Pernyataan ini datang di tengah blokade total yang diberlakukan sejak 2 Maret, yang semakin memperparah situasi kemanusiaan. Warga sipil Gaza kini terkungkung di wilayah yang kian menyempit, tanpa jaminan perlindungan bahkan di zona-zona yang sebelumnya diklaim "aman".

Menurut Cloete, tindakan Israel melanggar hukum humaniter internasional, termasuk kewajiban menyediakan akses tak terbatas untuk bantuan kemanusiaan. Ia menyerukan kepada Israel untuk segera menghentikan pembunuhan warga sipil, memberikan akses bantuan, dan membatalkan pengusiran paksa terhadap penduduk Gaza.

"Saya menyerukan negara-negara anggota Dewan Eropa untuk melakukan segala yang mereka bisa guna memastikan gencatan senjata dan penghormatan hukum internasional," tambahnya, menekankan pentingnya penegakan Konvensi Genosida dan Konvensi Jenewa.

Sebagai bagian dari upaya diplomatik, menteri luar negeri Arab Saudi, Mesir, Yordania, dan Prancis bertemu di Paris pada Jumat, 24 Mei. Pertemuan ini bertujuan untuk menghentikan perang di Gaza, memastikan masuknya bantuan kemanusiaan, serta mempersiapkan konferensi internasional di bawah naungan PBB pada Juni 2025, yang akan membahas solusi dua negara.

Gelombang Protes Global

Sementara para diplomat berdiskusi di ruang perundingan, gelombang kemarahan publik terus menggema di jalan-jalan dunia.

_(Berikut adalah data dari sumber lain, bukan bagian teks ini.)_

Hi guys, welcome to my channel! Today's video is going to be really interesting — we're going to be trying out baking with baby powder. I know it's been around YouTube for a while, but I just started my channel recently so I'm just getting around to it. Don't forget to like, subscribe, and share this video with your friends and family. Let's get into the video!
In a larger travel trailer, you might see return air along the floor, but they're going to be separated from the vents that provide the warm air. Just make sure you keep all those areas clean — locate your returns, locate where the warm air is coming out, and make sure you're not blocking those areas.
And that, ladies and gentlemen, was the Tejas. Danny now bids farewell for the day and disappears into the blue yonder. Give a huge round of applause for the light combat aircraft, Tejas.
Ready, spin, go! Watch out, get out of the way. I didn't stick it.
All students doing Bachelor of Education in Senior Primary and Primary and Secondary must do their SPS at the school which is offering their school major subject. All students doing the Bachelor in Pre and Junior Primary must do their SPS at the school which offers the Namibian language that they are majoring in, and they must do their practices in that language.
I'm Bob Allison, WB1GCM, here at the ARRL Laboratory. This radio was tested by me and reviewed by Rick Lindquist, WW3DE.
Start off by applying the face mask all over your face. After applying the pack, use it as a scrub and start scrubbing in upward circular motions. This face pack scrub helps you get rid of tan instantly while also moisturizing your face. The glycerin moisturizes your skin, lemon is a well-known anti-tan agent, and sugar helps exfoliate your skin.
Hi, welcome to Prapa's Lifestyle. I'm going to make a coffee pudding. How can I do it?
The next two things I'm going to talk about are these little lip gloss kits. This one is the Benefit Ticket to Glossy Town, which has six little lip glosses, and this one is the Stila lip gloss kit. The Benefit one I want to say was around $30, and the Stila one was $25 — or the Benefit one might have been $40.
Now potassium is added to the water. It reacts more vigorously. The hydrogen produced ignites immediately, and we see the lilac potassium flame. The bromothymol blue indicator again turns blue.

Di Stockholm, Swedia, ratusan orang berkumpul di Odenplan Square, meneriakkan seruan "Kebebasan untuk Palestina!" dan "Tidak terhadap Rencana Netanyahu!". Salah satu tokoh yang hadir, aktivis Lars Ohly, menyatakan:

"Tidak bisa diterima Swedia diam saat lebih dari 50.000 orang tewas, termasuk 15.000 anak-anak."

Di Paris, Prancis, ratusan demonstran memadati Bourse Square, memukul panci kosong sebagai simbol kelaparan di Gaza dan meneriakkan slogan keras:

"Israel pembunuh, Macron kaki tangan!"
"Ada genosida di Gaza, kami tidak akan tinggal diam," ujar seorang pengunjuk rasa bernama Myriem.

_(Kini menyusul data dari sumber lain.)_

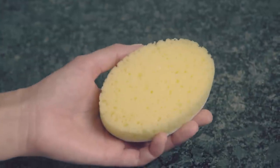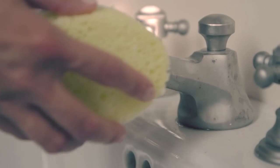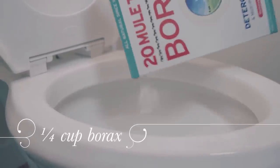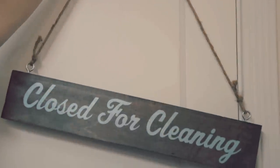Luckily, I've got my sponge, some borax, and grime. And now, the part everybody loves — get the borax right in there. Let it sit for about a half an hour.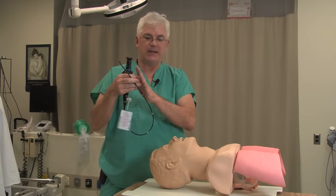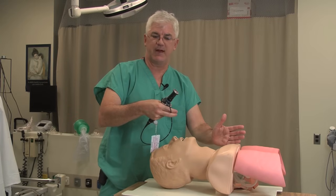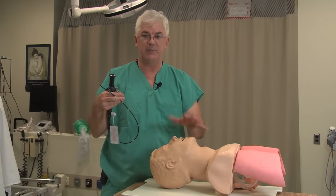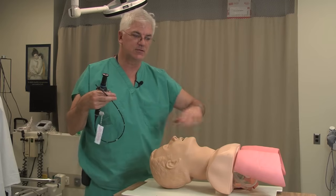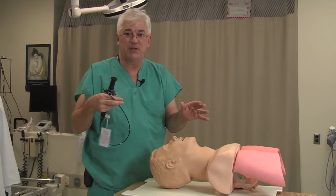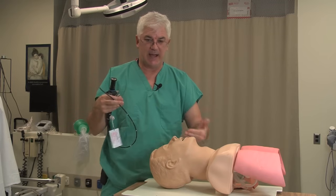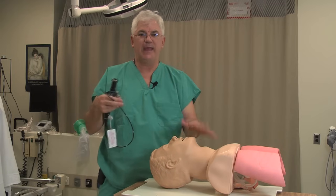A fiber optic intubation can be done asleep — you can induce the patient and then put the fiber optic in — or you can do it awake. I am a big proponent of intubating awake. If you feel the patient's airway is difficult and you might have trouble, keeping the patient awake means you have not burned any bridges. As soon as you induce or give muscle relaxant, you start burning bridges and might not be able to mask them. Awake intubation involves explaining it to the patient, topicalizing well, sedating appropriately, and then doing the fiber optic.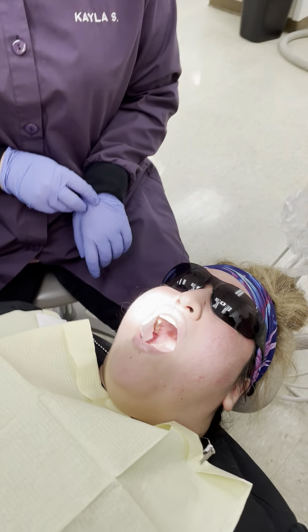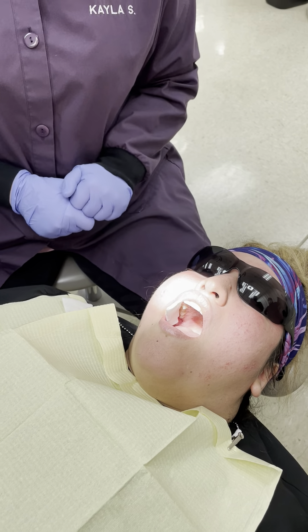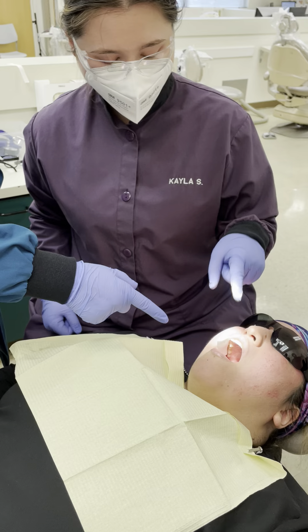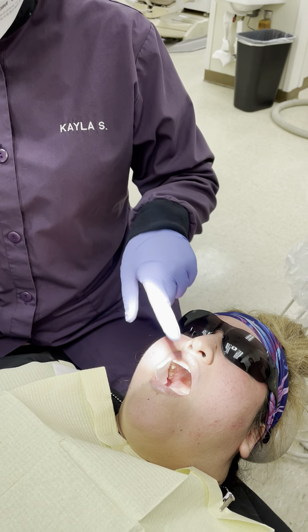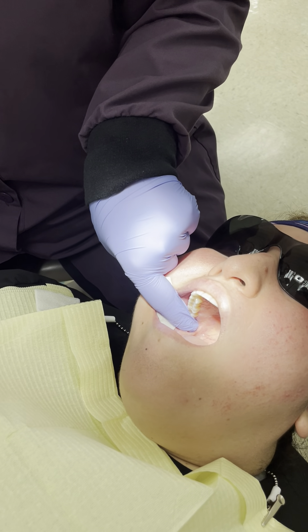We're going to now demonstrate the same side PSA for the right-handed operator. We're going to practice retraction, so we're going to place our gauze in the corner of the patient's mouth. Then we're going to take our index finger, push past the gauze, and take the tip of our finger and touch the maxillary tuberosity.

Laporan dari badan-badan PBB seperti WHO dan OCHA menyebutkan bahwa lebih dari 35.000 orang tewas, mayoritas dari mereka adalah perempuan dan anak-anak. UNRWA juga melaporkan bahwa 90% populasi Gaza kini mengalami kelaparan akut.

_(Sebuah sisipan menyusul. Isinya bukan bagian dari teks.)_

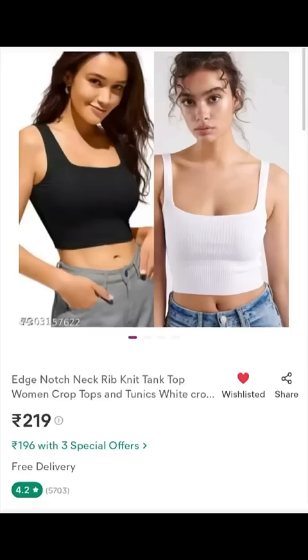Next one, this is a 219 rupees crop top. White and black. If you wear a modern outfit, you can't wear it. But white color cloth is a little bit. Quality is a sport.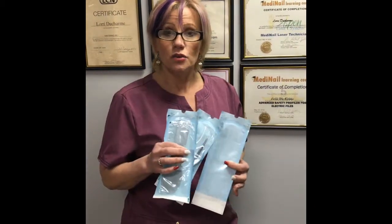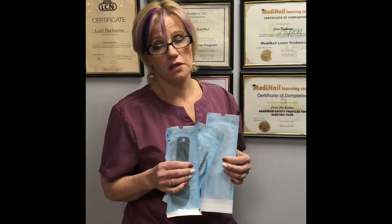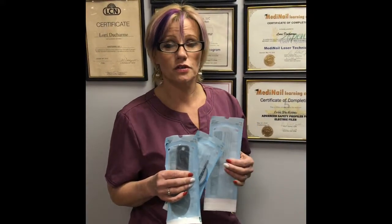You're seeing salons now starting to use implements that have been put in packages just like this, but the difference is: are they being run through the right kind of equipment to sterilize them — not just disinfect them? We use an autoclave, which is a high-pressure steam sterilization — the same thing that a dentist or a doctor's office uses to sterilize metal tools and implements.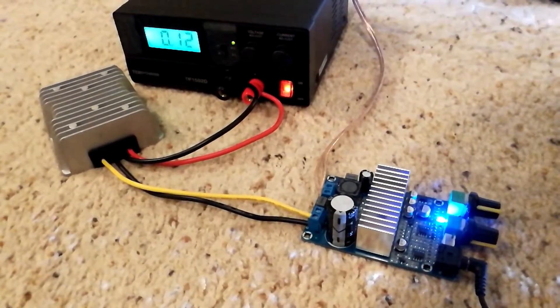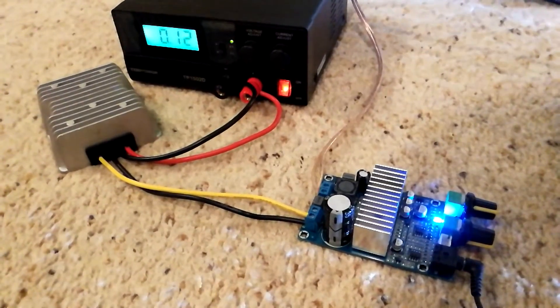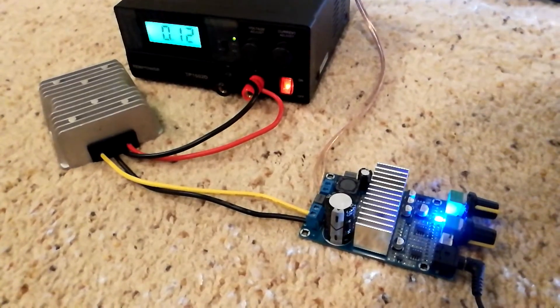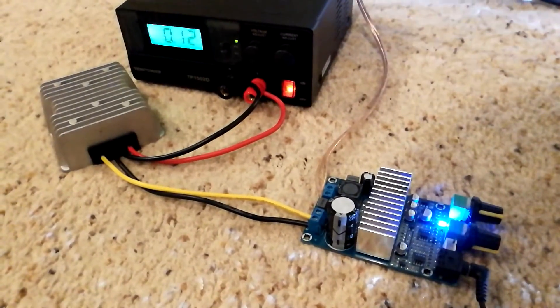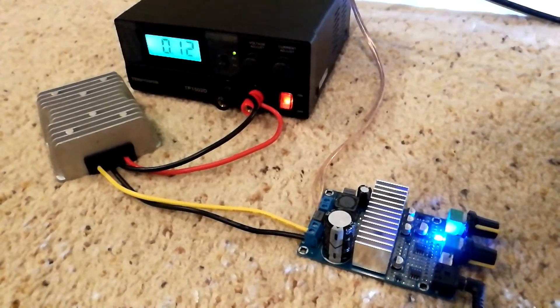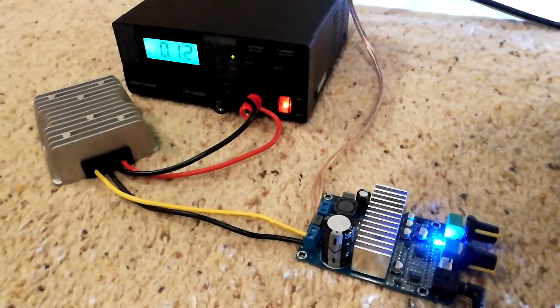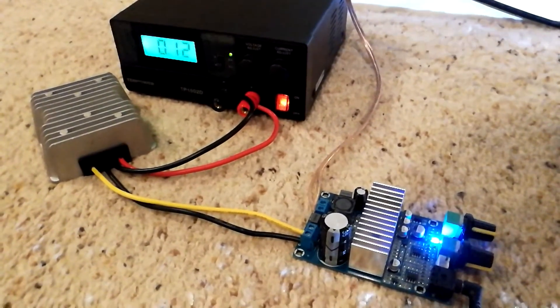A little bit under 100 watts, probably closer to around 60 to 75 watts at 4 ohms. Decent amount of gain on it for the adjustment, and you could have a powered subwoofer. Be sure to like the video, subscribe, leave comments down below. Any questions for me, I'll try to answer them. And check out those links to the products featured here. Thanks again.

Di sisi hukum internasional, Mahkamah Pidana Internasional (ICC) tengah menyelidiki dugaan kejahatan perang oleh Israel, termasuk kemungkinan pelanggaran berat terhadap warga sipil dan penggunaan kekuatan berlebihan (Reuters, Mei 2025).

Respons Israel dan Blokade Resolusi PBB

Perdana Menteri Israel, Benjamin Netanyahu, membantah tuduhan genosida, dengan menyatakan:

"Israel berperang melawan Hamas, bukan warga sipil."

Namun demikian, upaya Dewan Keamanan PBB untuk mengesahkan resolusi gencatan senjata terus gagal, sebagian besar akibat veto dari Amerika Serikat dan sekutunya, sebagaimana dilaporkan oleh Al Jazeera pada April lalu.

Tuduhan genosida oleh Dewan Eropa menandai titik balik dalam wacana internasional terkait konflik Gaza. 

Sementara tekanan global semakin besar—baik melalui diplomasi maupun protes massa—resolusi nyata di PBB masih terbentur kepentingan geopolitik. Gaza tetap terperangkap dalam krisis, menanti tindakan dunia yang lebih tegas dan konkret.